#### [How to complete this task]
The line with "Dionyssos Rooms Preveli Crete" marks where to begin; print it and all lines after it in the material below exactly, skipping pictures.

#### [Available data]
►
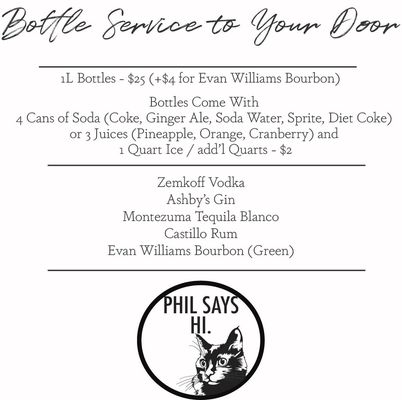 Phil’s by null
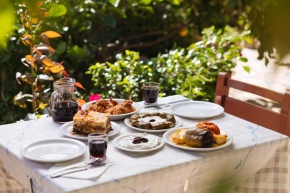 Dionyssos Rooms Preveli Crete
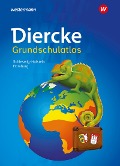 Diercke Grundschulatlas Ausgabe 2022 für Schleswig-Holstein, Hamburg -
◄
#### [Exercise result]
 Dionyssos Rooms Preveli Crete
 Diercke Grundschulatlas Ausgabe 2022 für Schleswig-Holstein, Hamburg -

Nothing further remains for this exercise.